Dieser Screenshot dient dann als Hintergrund für ein Label mit Statistiken... Soweit so gut... Ich habe jetzt allderdings das Problem, dass die Farben des Screenshots viel zu satt sind!
Gibt es eine Möglichkeit, die Alphawerte eines BufferedImages zu verändern, sodass das ganze Bild blasser wirkt?
Wenn ja, wo muss ich nachschauen bzw worüber muss ich mich informieren?
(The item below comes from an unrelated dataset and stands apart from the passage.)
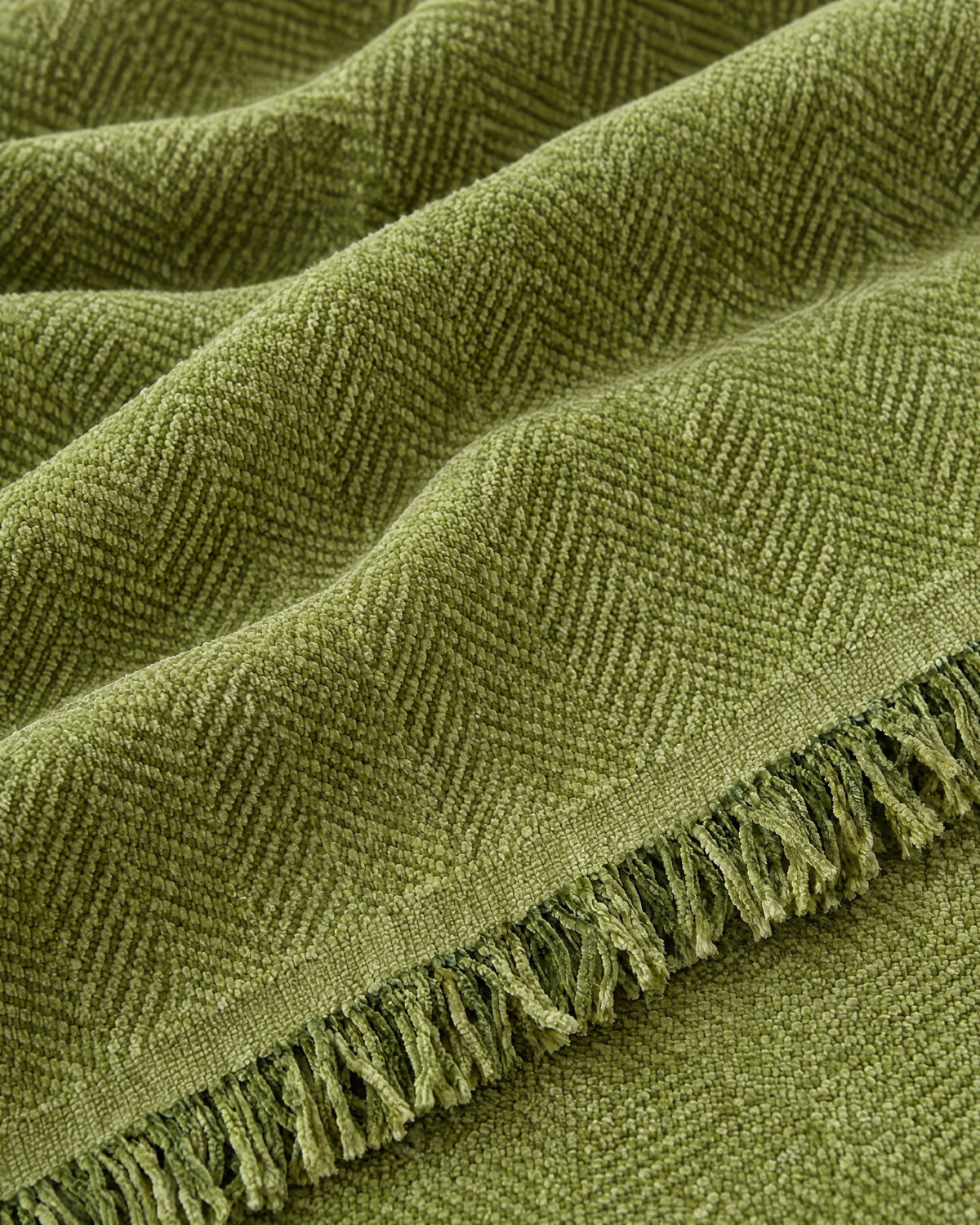 Green: Close-up of the fabric of the Minimalist Sofa Cover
Ich habe (noch) nichts gefunden...
Vllt weiss ja von euch jemand was dazu!
Greetz


----------



## 0x7F800000 (27. Mrz 2008)

-nimmst das bild
-nimmst garphics von dem bild
-setztst die Farbe z.B. auf new Color(128,128,128,200), die ersten drei komponenten nach deinem geschmack, die letzte irgendwie weniger als 255 damit du irgendetwas siehst, und größer als 0 damit es "blasser" wird.
-zeichnest einen großen rechteck über das ganze bild.
-fertig.


----------



## Marco13 (27. Mrz 2008)

Evtl. würde sogar schon der letzte Schritt reichen   (Müßte man jetzt testen, aber) es könnte schon reichen, über das ganze Bild ein gefülltes Rechteck zu malen - bei dem allerdings die Füllfarbe z.B. "hellgrau mit Alpha 0.5" ist ...


----------



## 0x7F800000 (27. Mrz 2008)

würde ich aber nicht empfehlen.
wenn dieses graue rechteck bei jedem repaint() neugezeichnet werden muss, dauert es jedes mal ewig, weil bei diesen alpha-berechnungen ziemlich viel gerechnet werden muss. D.h. die CPU hat viel zu tun, frisst viel energie und verpestet dadurch unnötig die Umwelt


----------



## Marco13 (27. Mrz 2008)

Ach schitt   natürlich würde man das nicht bei jedem Neuzeichnen machen, sondern nur einmal im Image selbst ...  war vorhin schon halb auf dem Weg nach hause, und dann nicht gesehen, dass du ja genau das beschrieben hast - damnächst andere antworten besser lesen  :###


----------



## manuche (28. Mrz 2008)

Klappt natürlich wunderbar Leute!!!
Vielen Dank! War ja eigentlich nich schwer nur hab ich wohl nicht aufmerksam genug gelesen, dass man bei fillRectangle auch den alpha Wert einstellen kann...


----------